Codeforces Round #FF (Div. 2)：C. DZY Loves Sequences

C. DZY Loves Sequences

time limit per test

1 second

memory limit per test

256 megabytes

input

standard input

output

standard output

DZY has a sequence a, consisting of
n integers.

We'll call a sequence a_i, a_i + 1, ..., a_j
(1 ≤ i ≤ j ≤ n) a subsegment of the sequence
a. The value (j - i + 1) denotes the length of the subsegment.

Your task is to find the longest subsegment of a, such that it is possible to change at most one number (change one number to any integer you want) from the subsegment to make the subsegment strictly increasing.

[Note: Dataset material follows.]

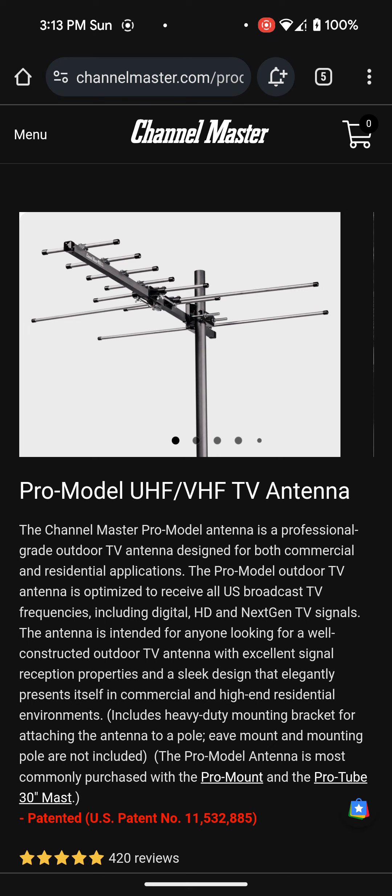Now the first way, and the most obvious way, is actually a TV antenna — whether it be an outdoor or an indoor TV antenna. This is actually the antenna that we use, called the Channel Master Pro model UHF/VHF TV antenna. I got a recommendation for this from the Antenna Man on his YouTube channel, and also from Channel Master themselves. It varies depending on where you live and what antenna you'd actually need for your area to pick up all the local channels.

You only need to output the length of the subsegment you find.

Input

The first line contains integer n (1 ≤ n ≤ 10⁵). The next line contains
n integers a₁, a₂, ..., a_n (1 ≤ a_i ≤ 10⁹).

Output

In a single line print the answer to the problem — the maximum length of the required subsegment.

Sample test(s)

Input

6
7 2 3 1 5 6

Output

5

Note

You can choose subsegment a₂, a₃, a₄, a₅, a₆
and change its 3rd element (that is a₄) to 4.

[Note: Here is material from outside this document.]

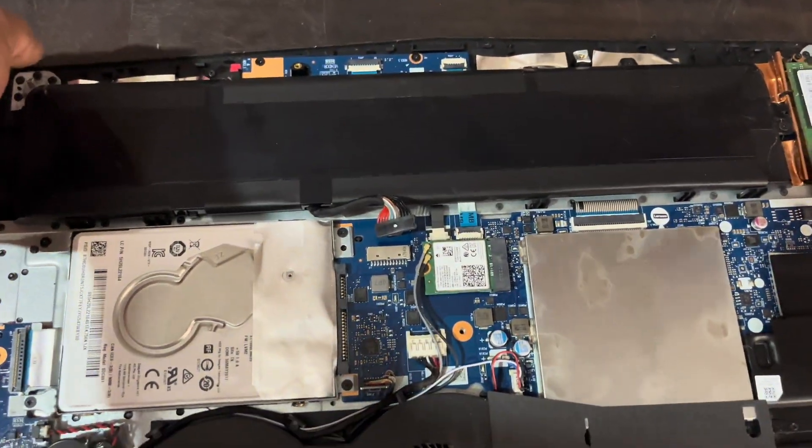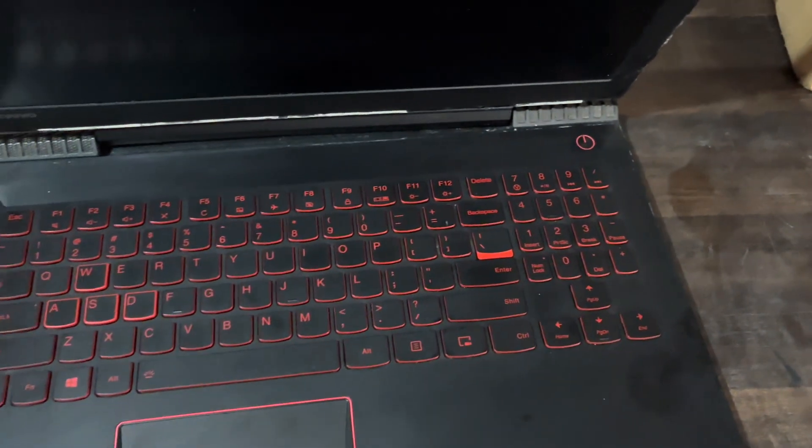I hope you guys now understand how this problem occurred. I am pressing the power button and the laptop will turn on. The solution is that the battery is dead and needs to be replaced.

题意就是， 你能够改变字符串中的一个字符。 就出其最长的连续字串

如案列， 7 2 3 1 5 6 —————7 2 3  4 5 6

输出即为5.

#include<cstdio>
#include<cstring>
#include<iostream>
#include<algorithm>
#include<vector>
#include<queue>
#include<sstream>
#include<cmath>

using namespace std;

#define f1(i, n) for(int i=0; i<n; i++)
#define f2(i, m) for(int i=1; i<=m; i++)
#define f3(i, n) for(int i=n; i>=1; i--)
#define f4(i, n) for(int i=1; i<=n; i++)
#define f5(i, n) for(int i=2; i<=n; i++)
#define M 1005

const int INF = 0x3f3f3f3f;
int n, a[100005], b[100005];

int main()
{
    cin>>n;
    f4(i, n)
    cin>>a[i];
    b[1]=1;
    f5(i, n)
    {
        b[i]=1;
        if (a[i]>a[i-1])
            b[i]=b[i-1]+1;
    }
    int ans=-INF;
    f3(i, n)
    {
        if (b[i]==n)
            ans=max(b[i], ans);
        else
            ans=max(ans, b[i]+1);
        if (a[i-b[i]+1]-1>a[i-b[i]-1])
            ans=max(ans,b[i]+b[i-b[i]]);
        if (a[i-b[i]+2]-1>a[i-b[i]])
            ans=max(ans,b[i]+b[i-b[i]]);
    }
    cout<<ans<<endl;
    return 0;
}